## EXERCISE DIRECTIONS
Below is a listing. Quote from it, exactly, the lines from the one containing "Działka rod Wólka" down to the one containing "メルセデスF1、2019年のタイトル獲得に457億円の予算を投入", both ends included, and nothing else.

## EXERCISE DATA
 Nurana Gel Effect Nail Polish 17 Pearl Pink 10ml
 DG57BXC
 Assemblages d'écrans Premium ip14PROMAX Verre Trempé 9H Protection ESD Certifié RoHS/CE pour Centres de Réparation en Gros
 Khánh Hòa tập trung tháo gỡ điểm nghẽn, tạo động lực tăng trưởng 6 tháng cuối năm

...

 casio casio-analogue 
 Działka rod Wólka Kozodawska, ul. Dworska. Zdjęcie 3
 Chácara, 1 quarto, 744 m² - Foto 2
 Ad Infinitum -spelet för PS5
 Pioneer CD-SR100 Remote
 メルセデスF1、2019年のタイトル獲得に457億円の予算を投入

* * *

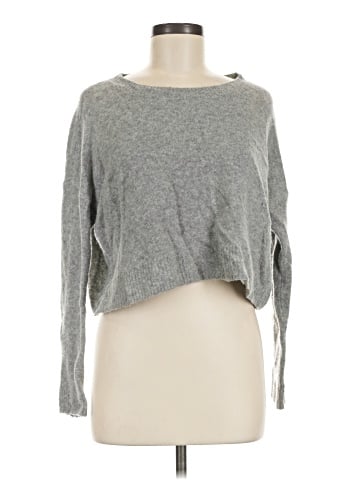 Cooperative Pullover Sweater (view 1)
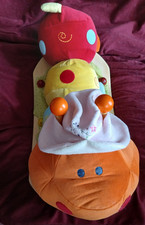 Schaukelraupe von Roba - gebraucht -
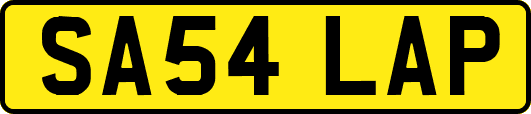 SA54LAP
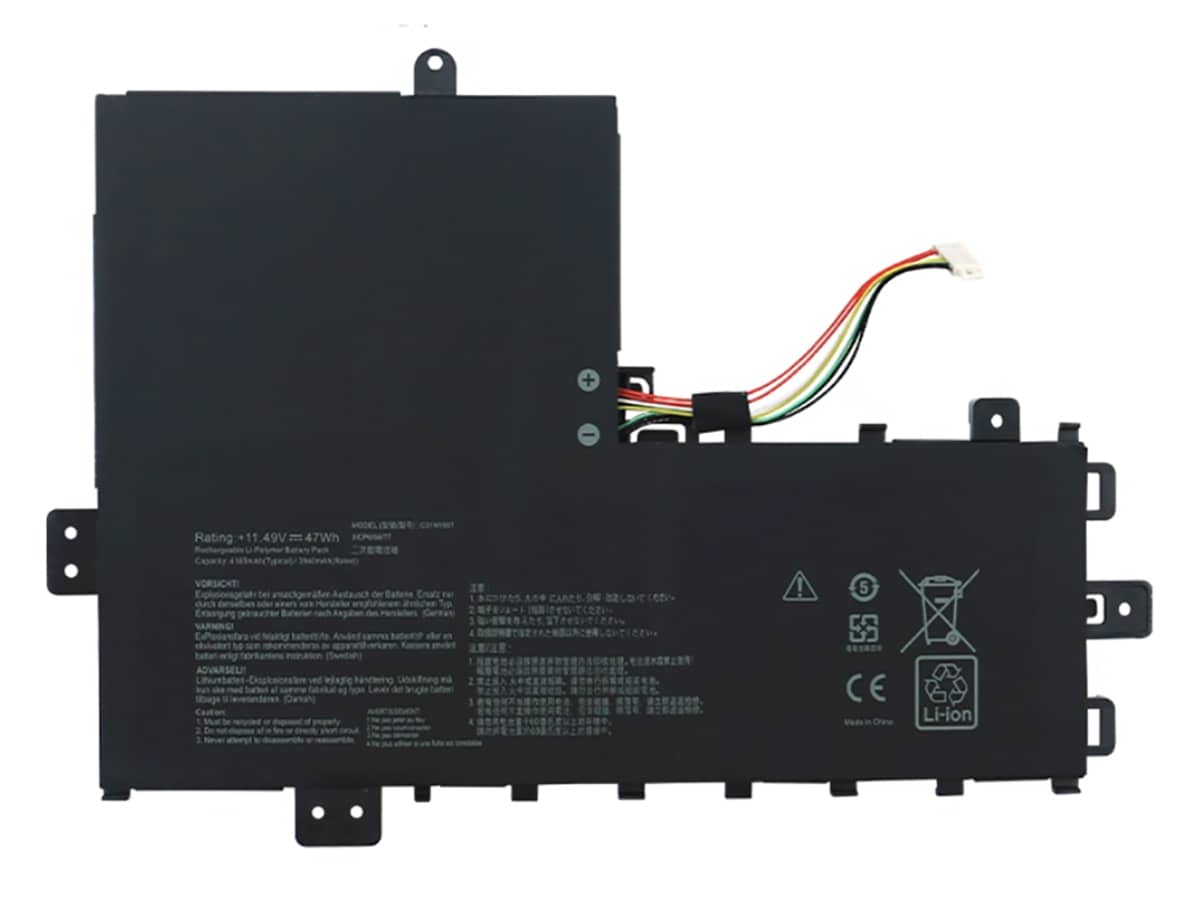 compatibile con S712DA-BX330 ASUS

## TASK OUTPUT
 Działka rod Wólka Kozodawska, ul. Dworska. Zdjęcie 3
 Chácara, 1 quarto, 744 m² - Foto 2
 Ad Infinitum -spelet för PS5
 Pioneer CD-SR100 Remote
 メルセデスF1、2019年のタイトル獲得に457億円の予算を投入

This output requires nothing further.